Third-place winner in the three-dimensional category is our restored pteranodon, “Grace in Flight,” created by Thomas Foster from mixed media. Again, the attention to details here is remarkable and would do a paleontologist attempting to reconstruct such a long-gone glider proud.
In the two-dimensional-art category, Kerrisa Reader’s chalk pastel “Mary of the Pietá” is a nice interpretation of the female figure’s face from Michelangelo’s famous sculpture. Reader manages to suggest both the softness of the woman’s skin and her garments while also conjuring the density of the original work’s marble. A delicate balance of textures.
Third-place winner in 2-D art is Christal Walker’s black-and-white photo piece, “Self-Portrait Triptych.” The three-sectioned work hovers slightly above the heads of observers in the gallery, which is probably appropriate since “triptychs” tend to have religious significance.

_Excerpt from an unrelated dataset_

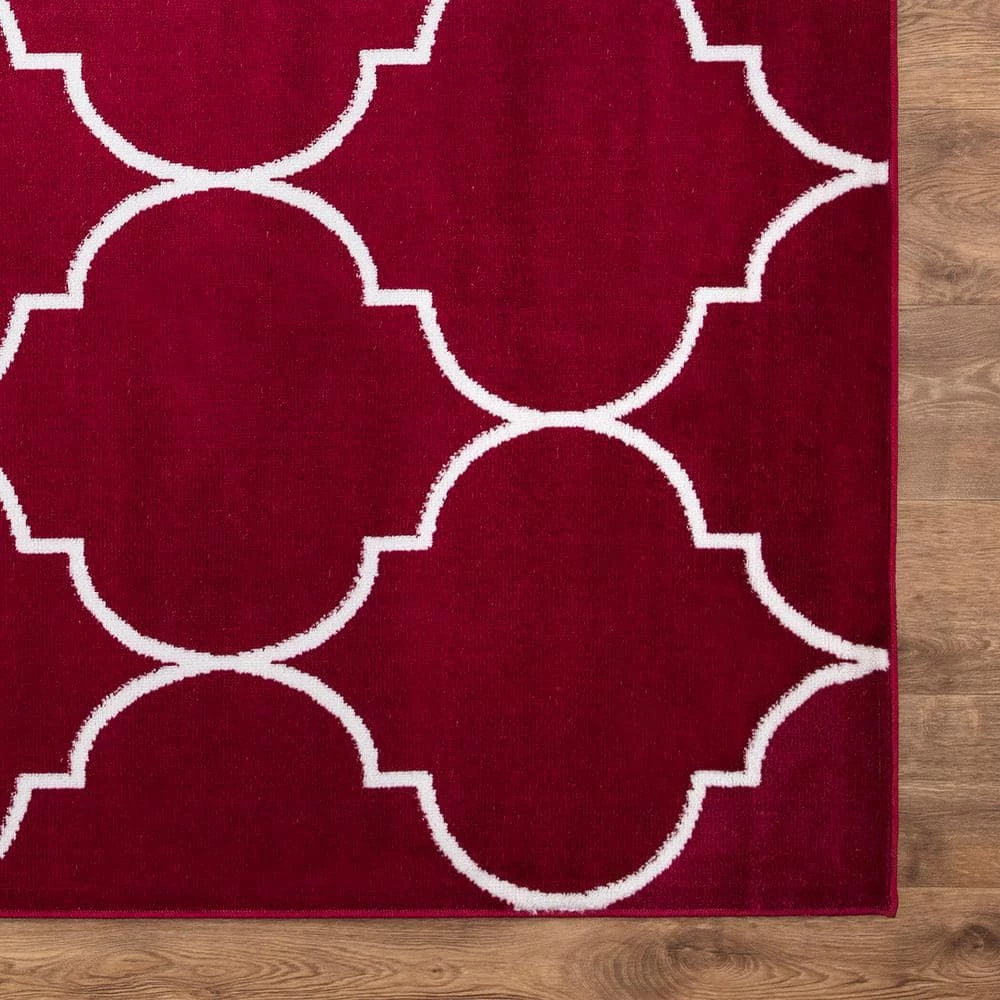 Best Pirce 👍 Jefferson Collection Morocco Trellis Red 8 ft. x 10 ft. Area Rug by Concord Global Trading 👏 5 Best Pirce 👍 Jefferson Collection Morocco Trellis Red 8 ft. x 10 ft. Area Rug by Concord Global Trading 👏 - Image 3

A small-case letter “i” occupies the first otherwise transparent sheet, a portrait of presumably the artist in sunglasses against the brick of what looks like a church in the middle (the largest of the three) section, and, in close-up, the artist’s eyes gaze frankly into the viewer’s from the final section. Spread across the three is a prose poem of sorts, reminiscent of those repetitious, spell-like ancient Celtic pieces wherein the speaker describes what she is, and yet the observer is left somehow with a greater mystery.
There are many other works—paintings, ceramic pieces, photographs, and so on—also worth some serious contemplation; however, space here won’t permit a detailed study of them all. I will close by stating that I laughed out loud and often during Marcus Ginduroz’ computer-animated "Who’s Your Daddy?"—a white trash talk/game-show described entirely with computer animated characters and backgrounds. It wasn’t state-of-the-art, but it was well done.